The condition that $T \oplus L$ is trivial implies that $w(T) w(L) = 1$. When $M = \mathbb{RP}^n$, recall that the total Stiefel-Whitney class of $\mathbb{RP}^n$ is $(1 + \alpha)^{n+1}$ where $\alpha \in H^1(\mathbb{RP}^n, \mathbb{F}_2)$ is a generator. If $w_1(L) = 0$ then we need $(1 + \alpha)^{n+1} = 1$, or equivalently ${n+1 \choose k}$ even for $1 \le k \le n$. By Kummer's theorem this happens iff $n+1$ is a power of $2$, so the only candidates are $\mathbb{RP}^{2^k - 1}$. Similarly, if $w_1(L) = \alpha$ then we need $(1 + \alpha)^{n+2} = 1$, and this happens iff $n+2$ is a power of $2$, so the only candidates are $\mathbb{RP}^{2^k - 2}$.
This table of embeddings and immersions of real projective spaces shows that that $\mathbb{RP}^3$ and $\mathbb{RP}^7$ don't embed into $\mathbb{R}^4$ and $\mathbb{R}^8$ respectively, and a 1963 theorem of James rules out $\mathbb{RP}^{2^k - 1}$ for sufficiently large $k$ (I think $k \ge 4$ but I haven't checked).

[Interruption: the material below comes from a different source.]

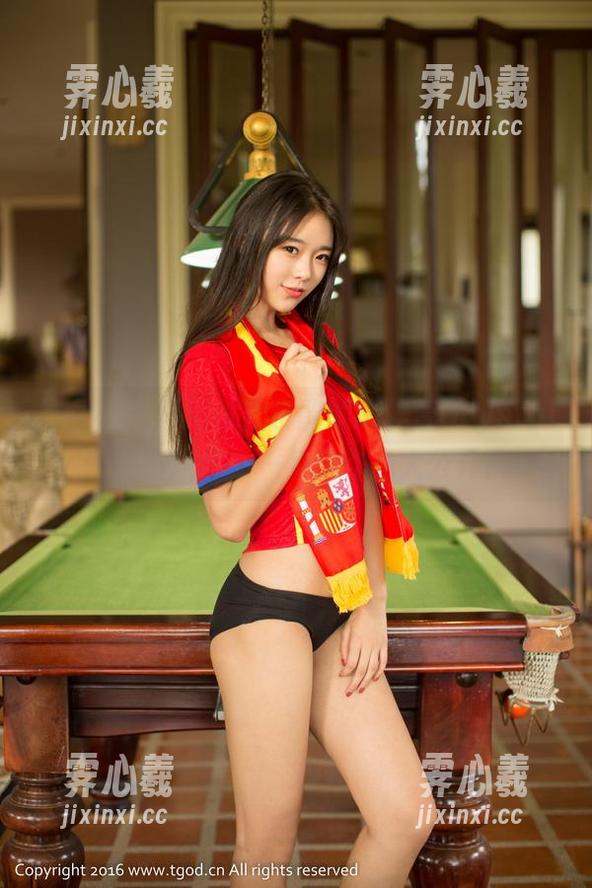 推女神-梓萱Crystal 推女神 - 不用付款也能领略梓萱Crystal的女仆风情——免费作品大公开!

Also, $\mathbb{RP}^6$ doesn't embed into $\mathbb{R}^8$ and $\mathbb{RP}^{14}$ doesn't immerse into $\mathbb{R}^{21}$, so prospects seem poor for this case as well.
For $\mathbb{CP}^n$ we can instead compute the total Pontryagin class, which is $(1 + \alpha^2)^{n+1}$, where $\alpha \in H^2(\mathbb{CP}^n, \mathbb{Z})$ is a generator. The condition that $T \oplus L$ is trivial implies that this vanishes, which is only possible for $n = 1$: for $n \ge 2$ the first Pontryagin class is $(n+1) \alpha^2 \in H^4(\mathbb{CP}^n, \mathbb{Z})$ which doesn't vanish. Hence for $n \ge 2$ we find that $\mathbb{CP}^n$ cannot immerse into $\mathbb{R}^{2n+1}$; this argument in fact shows that the smallest possible codimension of an immersion is $4$ (because this is the smallest codimension for which the normal bundle can have a nontrivial Pontryagin class). Presumably a similar computation works for the total Pontryagin class of $\mathbb{HP}^n$ but I'm less familiar with this case.